Saturday, 17 October 2015

With all Change comes Loss!

Please check out my video's on my Youtube channel or like my Facebook Page for parenting support and information XX 

Loss is a part of Change


Something that has been very prominent for me in my own healing journey has been the amount of loss I have experienced whilst making the necessary changes I have been making in my life. I have been reflecting on how change occurs in our lives and how painful this part of life can be. Most people know all about change and how it can turn your life upside down and make you feel unsure of yourself. What most people don’t bank on, however, is the grief that accompanies even the smallest change.


Grief and Change:


In order for new experiences to enter into your life, you need to make some space for them. The very nature of change means that the old ways you have grown accustomed to, are found to be no longer applicable to you anymore. Unfortunately, this can happen with people too. Similarly with decision making, in order to invite in something new or make a decision to change, you have to sever, let go or abandon something old. A quick example would be that you may decide to change your breakfast cereal to toast. In order to have toast in the morning instead, you must STOP having cereal.

This ‘letting go’ can bring about feelings of loss and grief, especially if the changes you have made have included people or places that have significant meaning in your life. You will need to go through a process, a grieving process, in order to accept these changes and make them a part of your current life. For some people, this can take time. The changes do not always have to be difficult changes, in fact they can be very exciting and joyful. So many people get caught in this trap, the ‘I should be feeling happy…’ trap. What isn’t taken into account, however, is how difficult the process of change is, regardless of how good or exciting the change is by nature.

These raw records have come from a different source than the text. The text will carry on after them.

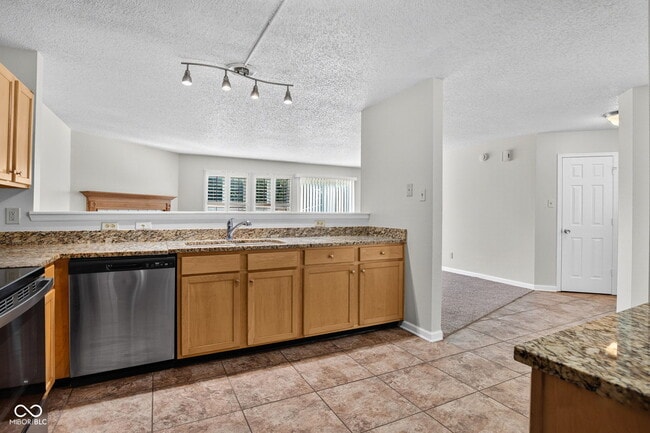 Building Photo - 6666 Black Antler Cir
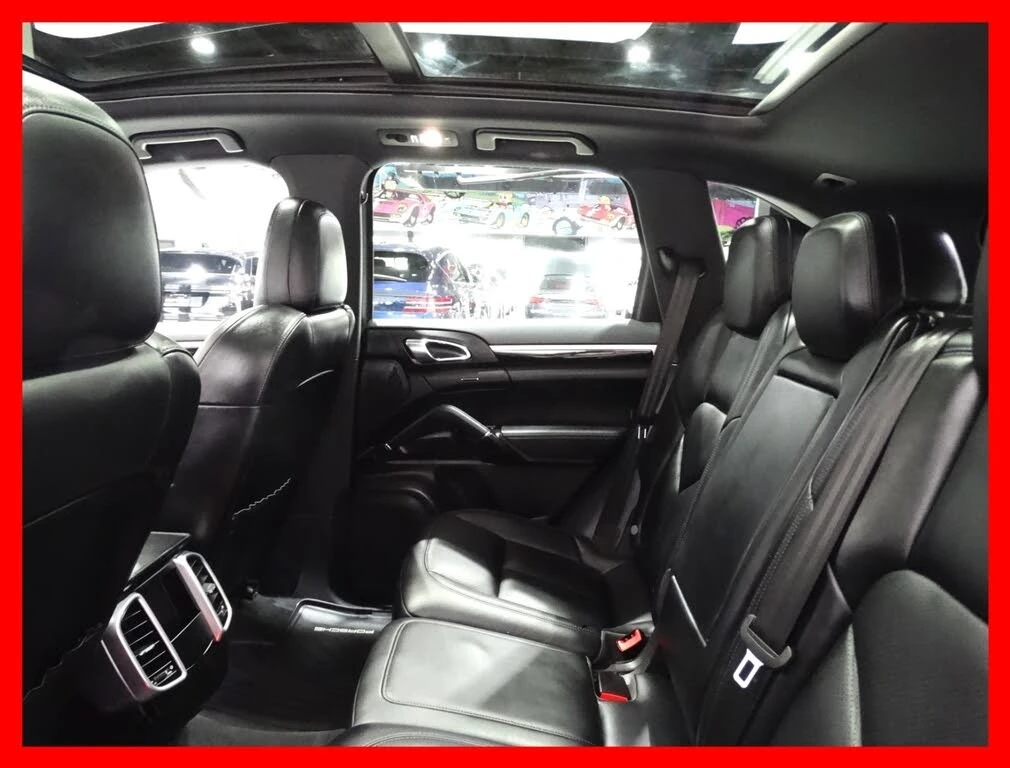 Porsche Cayenne AWD| BOSE| ПАНО| ПОДГРЕВ, снимка 16 - Автомобили и джипове - 56138905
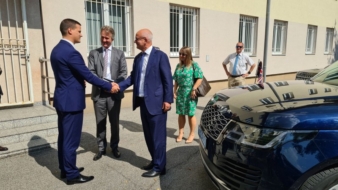 Ambasador Velike Britanije sa saradnicima posjetio premijera Halilagića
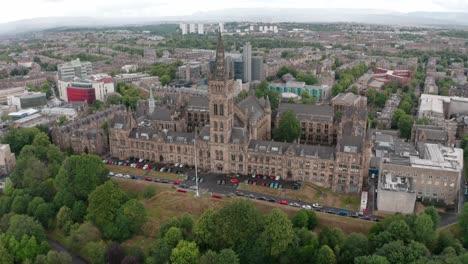 Eine-Kreisende-Drohne-Schoss-Um-Das-Cloister-Gebäude-Der-University-Of-Glasgow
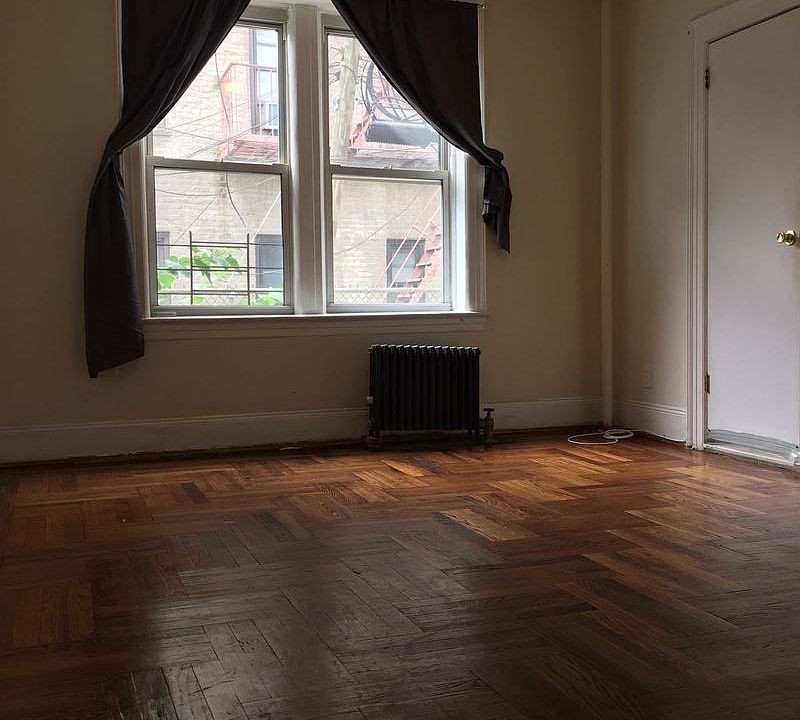 2nd image of 4340 40th St APT 1D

With every new beginning comes an ending:


We are built to mourn the endings we face in order for us to process the changes in our lives, in how we see ourselves, our environment and the world in general. We feel loss at all the feelings of what could have been and the regrets we may hold. We feel loss at the ending of any future plans we may have held. We feel loss at the changes within us and how we used to think, used to feel or even how we used to react. We may not have liked the way we reacted or behaved but it was familiar. It was a part of us and for us to move forward, we need to create closures and endings and find a way to let certain things go.


Sadness and Loss:


The core emotion of loss is sadness. Sadness is a heavy emotion and can often make us feel as if we want to withdraw and wallow. It is a very low energy emotion and I look at it as if it deliberately slows you down in order to allow you to take time away from your everyday life and process what has happened. We may feel longing and sorrow, which can lead to feelings of remorse and regret. We may feel untrusting of ourselves and the decisions we have made. We may feel alone and unsure of ourselves. We may feel angry and frustrated. We may even feel anxious and panicked. Mostly we feel as if we are all over the place when we are going through change. It can all feel a bit ‘unknown’ and that can be very frightening for many people.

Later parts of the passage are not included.